Dritte Nacht der Lichter im Eichstätter Dom / 2.500 Teelichter und 1.200 Teebeutel

Sie dreht die dünne Wachskerze langsam zwischen Daumen und Zeigefinger hin und her. Ihre in Wollhandschuhe eingepackte linke Hand hält sie behutsam vor die kleine Flamme. Die Kerze dreht sich schneller, ihre Beine fangen langsam an zu wippen. Die Musik nimmt sie mit. Steckt sie an.

Lässt sie innehalten, mitten im Strom des hektischen Lebens.
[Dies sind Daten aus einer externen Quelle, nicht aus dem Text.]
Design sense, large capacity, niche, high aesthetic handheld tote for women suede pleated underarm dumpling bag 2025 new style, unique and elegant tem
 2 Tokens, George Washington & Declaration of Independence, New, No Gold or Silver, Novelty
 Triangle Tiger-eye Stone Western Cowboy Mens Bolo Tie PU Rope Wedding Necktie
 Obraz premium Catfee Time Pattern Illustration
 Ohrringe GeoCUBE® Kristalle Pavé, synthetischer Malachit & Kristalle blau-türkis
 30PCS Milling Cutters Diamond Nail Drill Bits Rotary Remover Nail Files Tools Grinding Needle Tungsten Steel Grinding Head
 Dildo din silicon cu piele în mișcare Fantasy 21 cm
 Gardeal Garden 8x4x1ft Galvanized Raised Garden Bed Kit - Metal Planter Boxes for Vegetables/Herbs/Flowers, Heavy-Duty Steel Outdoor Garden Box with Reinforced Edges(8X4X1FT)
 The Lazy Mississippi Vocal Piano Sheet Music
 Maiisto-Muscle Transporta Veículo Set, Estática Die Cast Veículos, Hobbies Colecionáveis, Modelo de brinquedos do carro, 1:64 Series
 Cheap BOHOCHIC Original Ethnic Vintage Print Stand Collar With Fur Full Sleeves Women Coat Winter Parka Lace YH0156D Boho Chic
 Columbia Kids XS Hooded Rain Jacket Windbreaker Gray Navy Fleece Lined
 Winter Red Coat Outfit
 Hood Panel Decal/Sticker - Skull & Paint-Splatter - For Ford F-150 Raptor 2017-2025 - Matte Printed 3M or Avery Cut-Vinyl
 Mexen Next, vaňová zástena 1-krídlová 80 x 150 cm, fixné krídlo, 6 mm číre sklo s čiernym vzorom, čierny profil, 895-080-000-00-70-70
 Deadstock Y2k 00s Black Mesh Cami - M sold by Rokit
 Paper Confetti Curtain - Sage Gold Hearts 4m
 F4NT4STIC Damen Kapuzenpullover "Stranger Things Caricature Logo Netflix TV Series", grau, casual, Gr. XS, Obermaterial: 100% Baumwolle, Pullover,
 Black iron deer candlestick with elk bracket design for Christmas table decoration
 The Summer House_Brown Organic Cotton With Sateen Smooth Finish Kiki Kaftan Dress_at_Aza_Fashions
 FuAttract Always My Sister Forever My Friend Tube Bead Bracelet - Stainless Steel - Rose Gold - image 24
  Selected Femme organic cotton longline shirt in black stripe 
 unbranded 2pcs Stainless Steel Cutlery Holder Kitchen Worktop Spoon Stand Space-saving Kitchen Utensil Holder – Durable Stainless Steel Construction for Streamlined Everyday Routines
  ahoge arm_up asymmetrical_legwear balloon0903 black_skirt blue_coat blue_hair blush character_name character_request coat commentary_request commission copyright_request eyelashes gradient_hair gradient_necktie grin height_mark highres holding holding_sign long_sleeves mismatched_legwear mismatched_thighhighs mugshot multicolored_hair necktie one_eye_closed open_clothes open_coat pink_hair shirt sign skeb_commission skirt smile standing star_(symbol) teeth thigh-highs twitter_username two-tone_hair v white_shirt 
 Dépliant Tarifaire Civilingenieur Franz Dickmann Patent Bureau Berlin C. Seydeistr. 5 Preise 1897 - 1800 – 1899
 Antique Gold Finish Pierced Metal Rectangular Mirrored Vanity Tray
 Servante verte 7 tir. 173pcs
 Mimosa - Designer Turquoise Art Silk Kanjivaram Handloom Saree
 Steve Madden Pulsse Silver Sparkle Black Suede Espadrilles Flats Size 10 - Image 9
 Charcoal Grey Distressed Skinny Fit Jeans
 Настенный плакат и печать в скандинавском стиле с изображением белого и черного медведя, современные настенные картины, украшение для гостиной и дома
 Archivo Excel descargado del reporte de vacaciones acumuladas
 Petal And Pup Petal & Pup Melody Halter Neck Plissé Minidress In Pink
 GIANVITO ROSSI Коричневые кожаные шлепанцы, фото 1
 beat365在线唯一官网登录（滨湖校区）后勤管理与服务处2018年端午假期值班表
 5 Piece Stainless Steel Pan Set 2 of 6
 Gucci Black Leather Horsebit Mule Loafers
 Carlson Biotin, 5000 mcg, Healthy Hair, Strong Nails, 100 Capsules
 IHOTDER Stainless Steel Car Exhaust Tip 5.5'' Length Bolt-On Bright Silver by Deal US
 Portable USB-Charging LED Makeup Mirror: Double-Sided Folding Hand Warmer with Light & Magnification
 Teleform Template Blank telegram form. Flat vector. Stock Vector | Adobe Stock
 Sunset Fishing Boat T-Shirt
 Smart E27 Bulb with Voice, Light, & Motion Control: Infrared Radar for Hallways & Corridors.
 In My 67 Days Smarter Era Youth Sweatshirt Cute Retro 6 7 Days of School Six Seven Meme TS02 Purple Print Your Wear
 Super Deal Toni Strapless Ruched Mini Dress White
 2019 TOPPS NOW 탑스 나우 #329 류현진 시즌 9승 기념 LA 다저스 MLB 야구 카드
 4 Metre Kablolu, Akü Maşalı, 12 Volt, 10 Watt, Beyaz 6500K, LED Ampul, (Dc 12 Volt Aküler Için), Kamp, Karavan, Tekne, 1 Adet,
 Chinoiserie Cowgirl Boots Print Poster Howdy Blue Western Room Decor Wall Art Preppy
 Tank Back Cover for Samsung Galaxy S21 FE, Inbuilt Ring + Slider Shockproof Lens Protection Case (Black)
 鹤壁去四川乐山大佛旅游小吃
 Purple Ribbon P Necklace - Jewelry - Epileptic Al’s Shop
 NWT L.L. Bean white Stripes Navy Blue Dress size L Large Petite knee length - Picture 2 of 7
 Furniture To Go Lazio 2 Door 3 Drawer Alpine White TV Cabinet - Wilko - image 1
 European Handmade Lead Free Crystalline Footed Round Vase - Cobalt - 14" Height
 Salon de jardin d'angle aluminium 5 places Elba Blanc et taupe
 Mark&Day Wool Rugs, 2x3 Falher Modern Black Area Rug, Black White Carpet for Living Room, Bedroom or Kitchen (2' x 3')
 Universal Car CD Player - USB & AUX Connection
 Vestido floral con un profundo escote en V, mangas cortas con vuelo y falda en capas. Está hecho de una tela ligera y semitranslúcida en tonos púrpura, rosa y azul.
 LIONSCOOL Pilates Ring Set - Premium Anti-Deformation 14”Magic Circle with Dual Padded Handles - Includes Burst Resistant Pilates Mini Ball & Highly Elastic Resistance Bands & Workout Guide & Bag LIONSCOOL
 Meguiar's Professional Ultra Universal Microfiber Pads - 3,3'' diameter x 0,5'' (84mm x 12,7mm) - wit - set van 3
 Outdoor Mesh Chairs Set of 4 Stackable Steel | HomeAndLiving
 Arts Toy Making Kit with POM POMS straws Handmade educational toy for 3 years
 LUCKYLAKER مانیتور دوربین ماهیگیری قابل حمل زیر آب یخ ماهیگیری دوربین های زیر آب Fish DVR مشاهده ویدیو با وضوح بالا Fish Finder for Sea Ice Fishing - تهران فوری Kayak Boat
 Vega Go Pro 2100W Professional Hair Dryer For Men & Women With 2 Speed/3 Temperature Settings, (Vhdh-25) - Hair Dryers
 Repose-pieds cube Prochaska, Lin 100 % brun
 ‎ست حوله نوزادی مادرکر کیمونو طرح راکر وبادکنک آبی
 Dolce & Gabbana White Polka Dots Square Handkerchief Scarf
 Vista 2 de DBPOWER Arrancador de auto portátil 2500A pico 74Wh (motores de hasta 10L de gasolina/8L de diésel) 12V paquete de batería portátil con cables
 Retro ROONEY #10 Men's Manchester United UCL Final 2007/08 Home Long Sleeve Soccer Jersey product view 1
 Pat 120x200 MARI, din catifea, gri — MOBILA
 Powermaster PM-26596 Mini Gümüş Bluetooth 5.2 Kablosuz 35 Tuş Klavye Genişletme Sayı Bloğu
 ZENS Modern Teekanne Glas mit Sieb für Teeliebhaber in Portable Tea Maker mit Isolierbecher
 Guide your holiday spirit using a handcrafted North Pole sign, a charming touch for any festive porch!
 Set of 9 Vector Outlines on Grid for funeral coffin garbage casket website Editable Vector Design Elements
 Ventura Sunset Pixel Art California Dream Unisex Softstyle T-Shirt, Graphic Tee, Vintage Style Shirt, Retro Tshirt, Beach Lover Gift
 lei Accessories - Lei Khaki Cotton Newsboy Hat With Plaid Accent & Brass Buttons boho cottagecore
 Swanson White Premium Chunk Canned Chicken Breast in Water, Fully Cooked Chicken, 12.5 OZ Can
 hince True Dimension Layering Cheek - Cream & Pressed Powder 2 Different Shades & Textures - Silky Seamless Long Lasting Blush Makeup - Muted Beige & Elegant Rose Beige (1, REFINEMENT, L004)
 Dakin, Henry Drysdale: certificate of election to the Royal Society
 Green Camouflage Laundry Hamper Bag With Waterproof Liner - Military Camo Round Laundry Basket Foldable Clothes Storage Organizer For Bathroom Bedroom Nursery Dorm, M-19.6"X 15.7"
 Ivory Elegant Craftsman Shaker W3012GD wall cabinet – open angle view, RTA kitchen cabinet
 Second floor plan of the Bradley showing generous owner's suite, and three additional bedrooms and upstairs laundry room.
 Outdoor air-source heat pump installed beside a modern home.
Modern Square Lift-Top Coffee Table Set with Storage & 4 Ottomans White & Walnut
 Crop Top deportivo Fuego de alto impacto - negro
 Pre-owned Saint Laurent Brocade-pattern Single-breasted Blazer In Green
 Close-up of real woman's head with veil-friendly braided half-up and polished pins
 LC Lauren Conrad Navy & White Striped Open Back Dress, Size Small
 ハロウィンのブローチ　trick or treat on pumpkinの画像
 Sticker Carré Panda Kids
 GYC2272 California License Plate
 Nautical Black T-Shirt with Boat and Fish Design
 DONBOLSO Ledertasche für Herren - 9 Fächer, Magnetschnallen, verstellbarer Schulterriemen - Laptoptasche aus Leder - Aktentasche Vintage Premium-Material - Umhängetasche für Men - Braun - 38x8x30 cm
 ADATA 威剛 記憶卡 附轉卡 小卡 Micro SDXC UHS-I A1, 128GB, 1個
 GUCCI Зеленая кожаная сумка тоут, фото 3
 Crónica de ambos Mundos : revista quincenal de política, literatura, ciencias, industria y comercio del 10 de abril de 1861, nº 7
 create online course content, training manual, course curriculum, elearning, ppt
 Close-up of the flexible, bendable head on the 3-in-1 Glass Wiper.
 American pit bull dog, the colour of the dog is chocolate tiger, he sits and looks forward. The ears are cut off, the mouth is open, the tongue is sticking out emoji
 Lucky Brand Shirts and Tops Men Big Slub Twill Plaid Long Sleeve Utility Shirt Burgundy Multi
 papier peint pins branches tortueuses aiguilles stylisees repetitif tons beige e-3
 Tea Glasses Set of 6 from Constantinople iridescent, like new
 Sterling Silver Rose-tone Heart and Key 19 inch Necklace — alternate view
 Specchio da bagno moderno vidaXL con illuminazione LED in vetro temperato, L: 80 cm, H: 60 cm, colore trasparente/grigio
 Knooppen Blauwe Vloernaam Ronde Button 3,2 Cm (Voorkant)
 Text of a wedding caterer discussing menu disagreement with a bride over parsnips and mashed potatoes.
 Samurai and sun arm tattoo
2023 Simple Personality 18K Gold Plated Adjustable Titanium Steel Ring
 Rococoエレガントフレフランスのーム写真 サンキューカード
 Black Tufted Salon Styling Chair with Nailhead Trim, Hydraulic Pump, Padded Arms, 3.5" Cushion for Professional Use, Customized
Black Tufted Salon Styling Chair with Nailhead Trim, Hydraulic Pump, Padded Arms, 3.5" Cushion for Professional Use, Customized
Celiné besucht bereits zum zweiten Mal die Nacht der Lichter im Dom. Mit einer kleinen Gruppe aus Pleinfeld ist sie an diesem Freitagabend nach Eichstätt gefahren. „Die Atmosphäre ist toll und wir können einfach mal abschalten“, sagt sie. Mit Fleecedecken, Handschuhen und Winterstiefeln hat sie sich mit ihren Freundinnen einen Platz in der rechten Seitenkapelle ausgesucht. In den Kirchenbänken wäre auch nichts mehr frei gewesen: rund 800 Gläubige schauen in dieser Nacht im Dom vorbei.

Frieden und Feuerwehr

„Maria begegnen“, heißt einer der Begegnungsräume die an diesem Abend eingerichtet wurden. In der Sakramentskapelle besteht die Möglichkeit zur eucharistischen Anbetung. „Die Räume sollen den Besuchern die Möglichkeit geben, sich zu sammeln, zu beten und zu schweigen“, sagt Martha Gottschalk, Leiterin der Jugendstelle Schneemühle. Gemeinsam mit einem sechsköpfigen Team hat sie bereits vor zwei Monaten begonnen die Nacht der Lichter vorzubereiten. Zu den Veranstaltern gehören die Eichstätter Maria Ward-Realschule, die Notfallseelsorge, das Bischöfliche Jugendamt, das Jugendvesperteam Plankstetten sowie das Rote Kreuz aus Eichstätt. In kleinen Teams haben sie gemeinsam mit Jugendlichen einzelne Elemente für den Abend organisiert und ausgesucht. Das Thema „Frieden“ war dabei schnell gefunden.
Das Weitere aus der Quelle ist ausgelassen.